Birding is the fastest growing out-door recreational activity in North America. It is one of the only outdoor activities that makes no demands on the environment. The easiest way to start is to put out some winter bird feeders, fill them with Black Oil Sunflower seeds, Niger Steeds, mixed seed and some suet. Then you need a good bird book. My favourite is “Birds of North American” by Kaufman; but there are dozens. For winter feeders you don’t really need binoculars or a camera but both increase the fun. To make it easier to identify what you see, Harriet MacMillan and I have made 3 lists of common Lochaber feeder birds that I will post on the “Nature Corner” over the next 3 weeks. The first will be the most common birds in order, the second will be the next most common and the third will be the special rare birds.
We have 2 species of Chickadee. The Black Capped Chickadee (above) and the Boreal. The later rarely visits feeders.
Everyone loves the Blue Jay.
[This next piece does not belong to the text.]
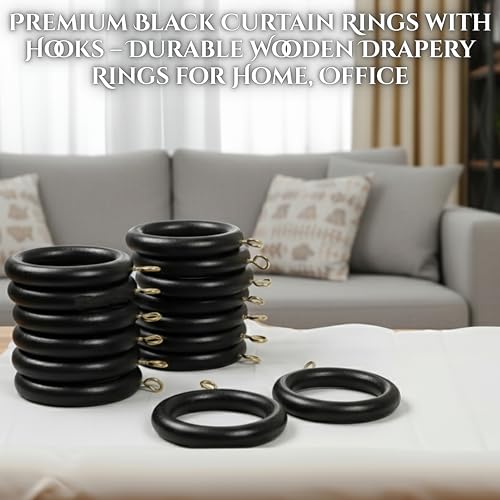 Wooden Curtain Rings with Metal Hooks for 1.5-inch Rods - 12 Pack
They are especially fond of peanuts.
I can remember the first Mourning Dove I ever saw. It was in Annapolis Valley in the early 1960s and they were rare. Now they are very abundant. Surprisingly they are also the most popular game bird in North America.
You will often see the Junco eating seeds on the ground; under the feeder, salvaging those that other birds dropped.
The Evening Grosbeak arrive in flocks and stay all winter.
The European Starling is an introduced species that out competes native birds for food and nesting sites. But they are attractive up close.
The Grackle appears in late winter and is a harbinger of spring. The courtship display that you can watch on your feeder is great entertainment.
The American Goldfinch is one of the first to arrive and the last to leave; but the transition from fall drab plumage to spring spectacular is truly inspiring.
Purple Finch male and female.
The Song sparrow is mute in the winter but our best singer in the spring. The only two sparrow species you will likely get that have a black breast spot is this one and the American Tree Sparrow. Check your bird book. Only the latter has white wing bars.
The Downy Woodpecker ( above)and the Hairy Woodpecker are both suet feeders. The are almost identical except for size; the Hairy being larger.
The Hairy Woodpecker, however, has a longer bill in proportion.